I think max.poll.records can solve this.It is to tune the number of records that must be handled on every loop iteration. In 0.10 there is max.poll.records, which places an upper bound on the number of records returned from each call.

Also as per Confluent, consumer.poll() should have fairly high session timeout for example 30 to 60 seconds.

You might also want to fine tune:

session.timeout.ms
heartbeat.interval.ms 
max.partition.fetch.bytes
1
Hans Jespersen On

Consider upgrading to 0.10.1 or higher because the consumer was enhanced in these releases to better handle longer periods between calls to poll().

You can increase the new max.poll.interval.ms parameter if you are taking more than 5 minutes to put the results into HDFS. This will stop your consumer from being kicked out of the consumer group for not making progress.
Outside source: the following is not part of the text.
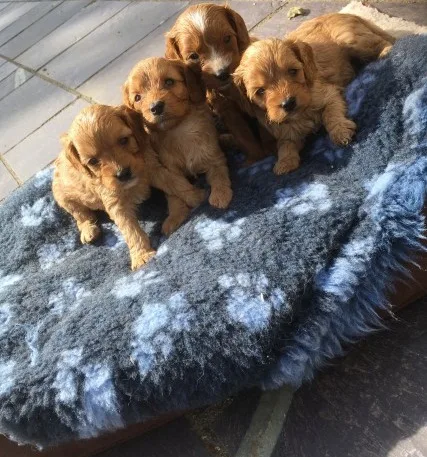Cavapoo puppies for sale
In the 0.10.1 release notes it says

The new Java Consumer now supports heartbeating from a background thread. There is a new configuration max.poll.interval.ms which controls the maximum time between poll invocations before the consumer will proactively leave the group (5 minutes by default). The value of the configuration request.timeout.ms must always be larger than max.poll.interval.ms because this is the maximum time that a JoinGroup request can block on the server while the consumer is rebalancing, so we have changed its default value to just above 5 minutes. Finally, the default value of session.timeout.ms has been adjusted down to 10 seconds, and the default value of max.poll.records has been changed to 500.